Data shown:
————————

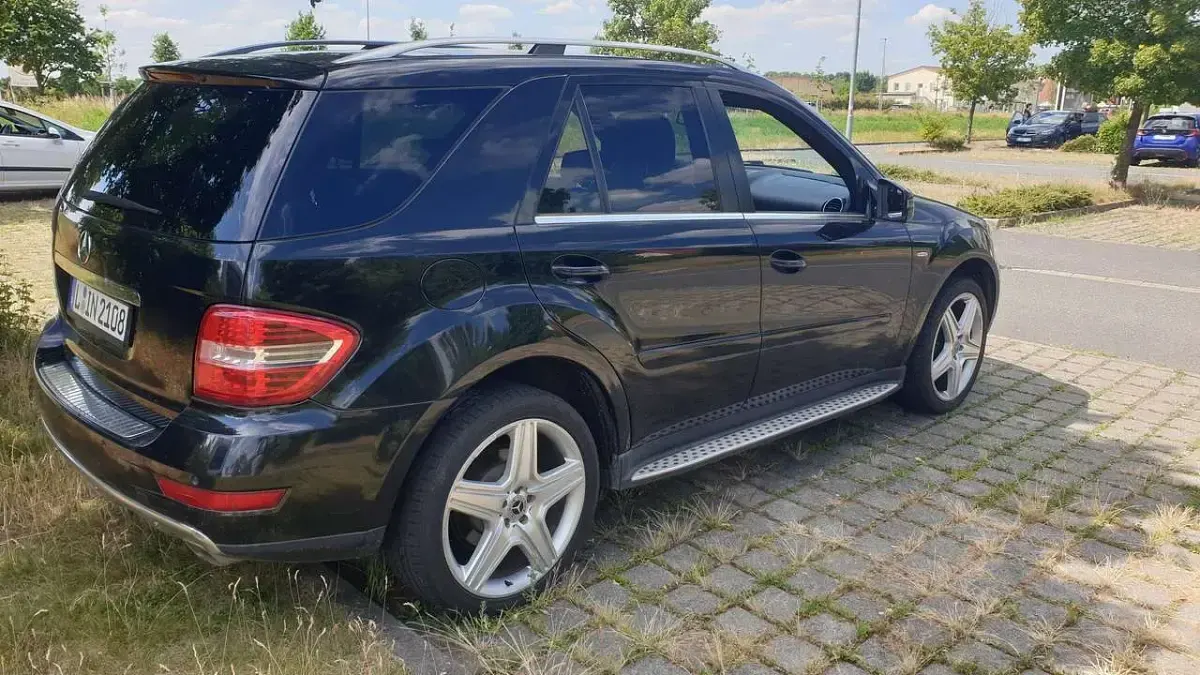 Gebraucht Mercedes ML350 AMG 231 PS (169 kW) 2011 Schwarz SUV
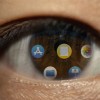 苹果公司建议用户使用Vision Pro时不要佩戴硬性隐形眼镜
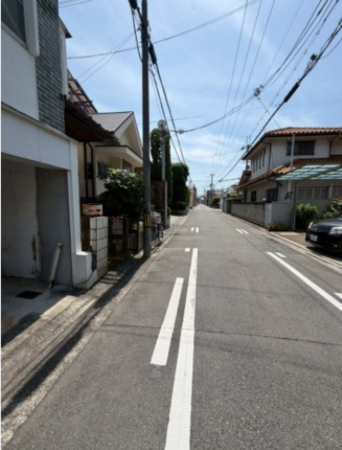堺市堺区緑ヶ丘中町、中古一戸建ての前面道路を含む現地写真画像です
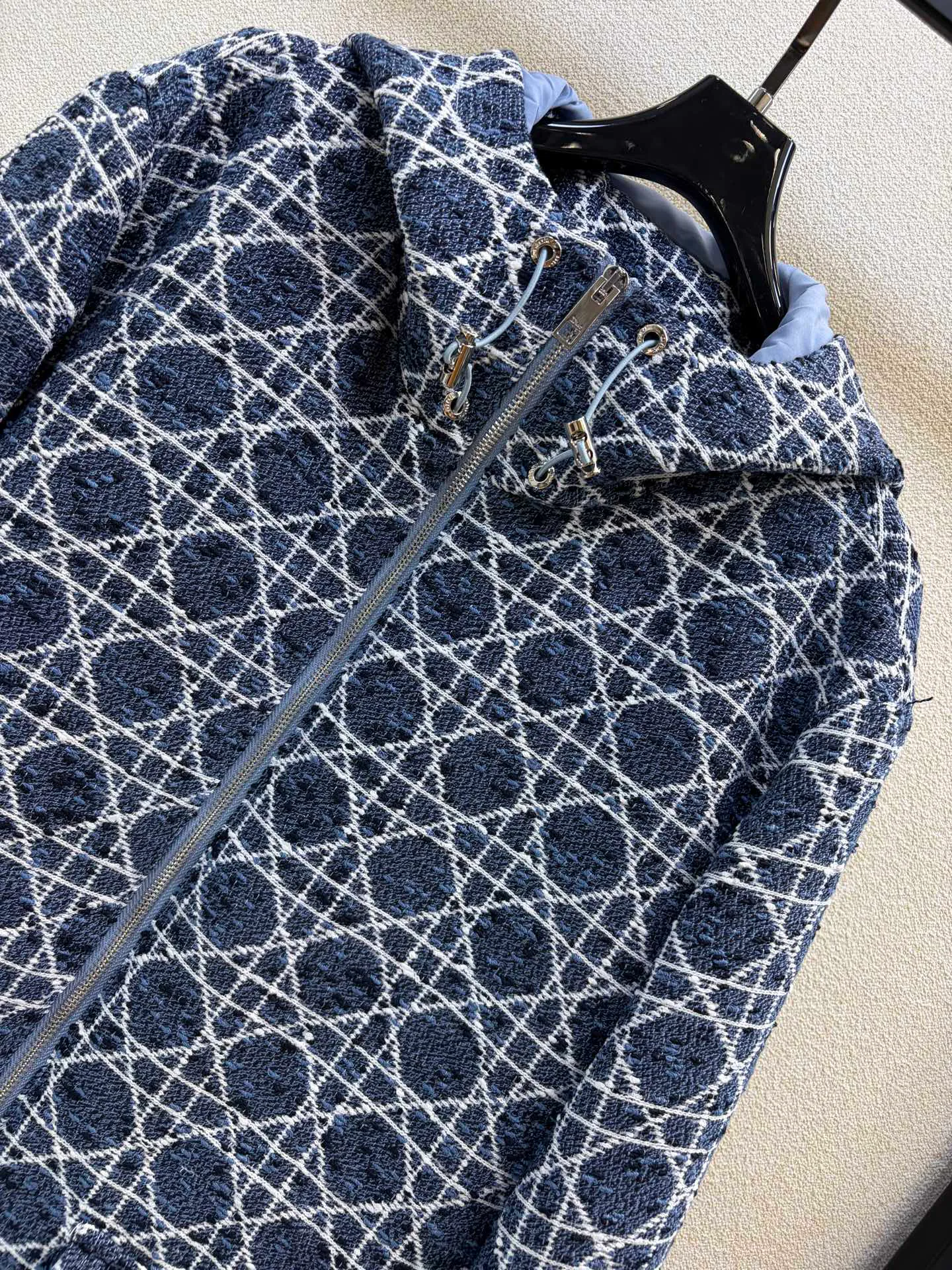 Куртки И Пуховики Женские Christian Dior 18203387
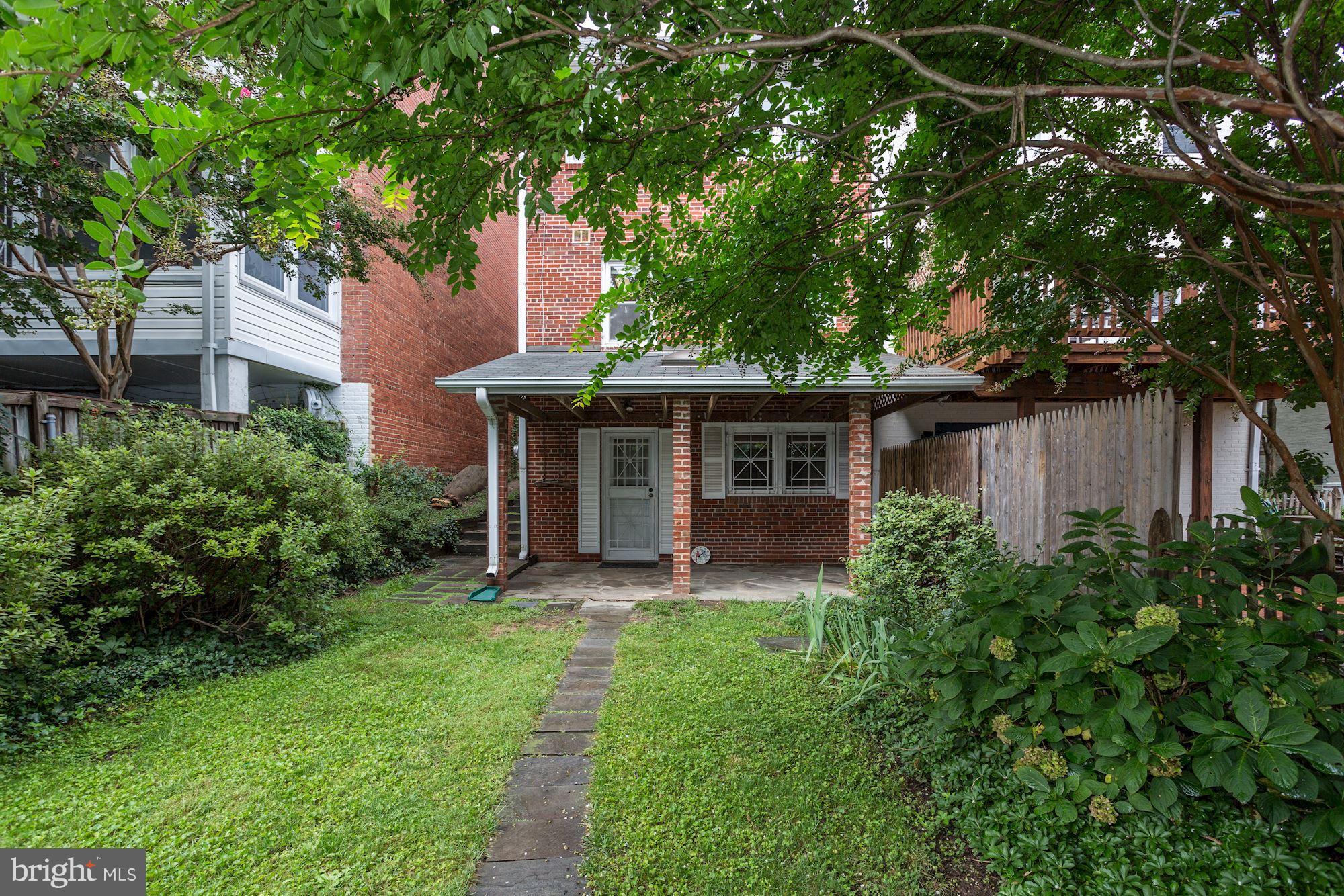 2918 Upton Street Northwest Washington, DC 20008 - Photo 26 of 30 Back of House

————————

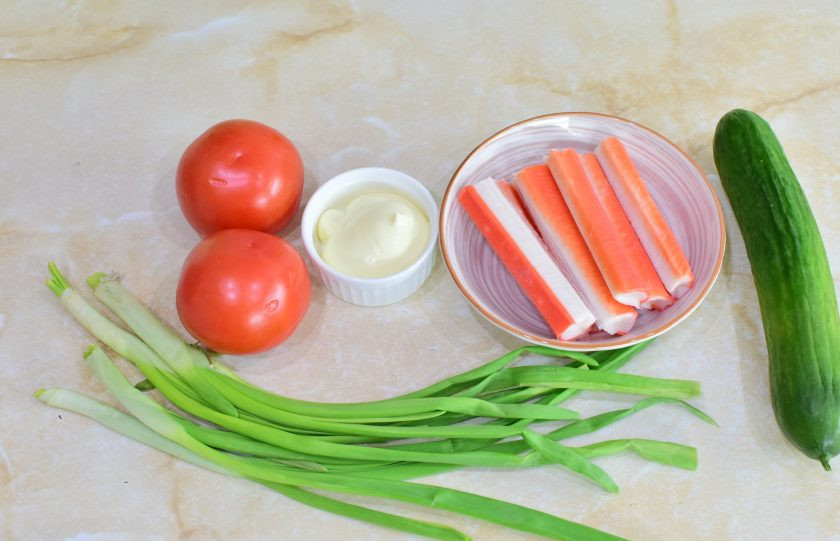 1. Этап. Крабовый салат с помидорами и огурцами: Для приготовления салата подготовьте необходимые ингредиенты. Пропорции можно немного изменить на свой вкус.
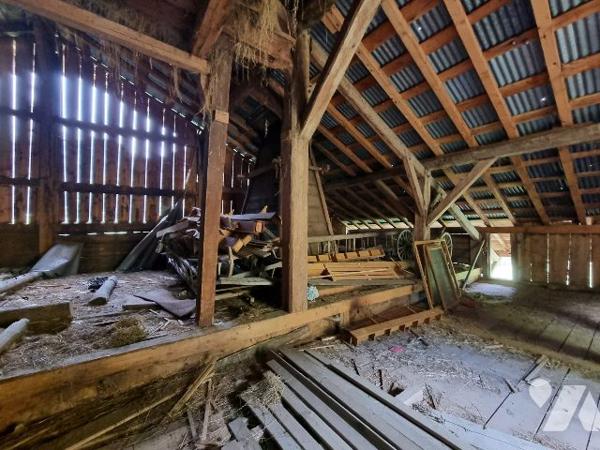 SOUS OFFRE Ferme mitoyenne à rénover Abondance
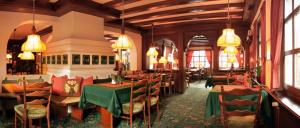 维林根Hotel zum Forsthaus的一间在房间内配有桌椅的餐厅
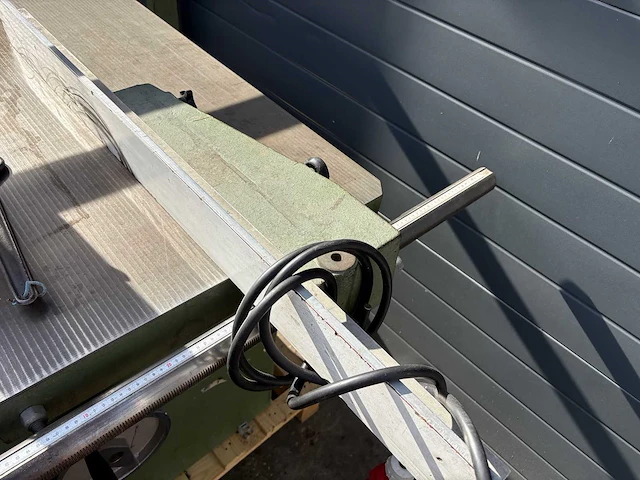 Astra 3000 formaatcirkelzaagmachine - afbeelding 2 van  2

————————

Task requirements:
From the data above, retype only the lines starting with the line with "Gebraucht Mercedes ML350" and going on through the line with "2918 Upton Street", exactly, leaving out the pictures.

Solution to the problem:
 Gebraucht Mercedes ML350 AMG 231 PS (169 kW) 2011 Schwarz SUV
 苹果公司建议用户使用Vision Pro时不要佩戴硬性隐形眼镜
堺市堺区緑ヶ丘中町、中古一戸建ての前面道路を含む現地写真画像です
 Куртки И Пуховики Женские Christian Dior 18203387
 2918 Upton Street Northwest Washington, DC 20008 - Photo 26 of 30 Back of House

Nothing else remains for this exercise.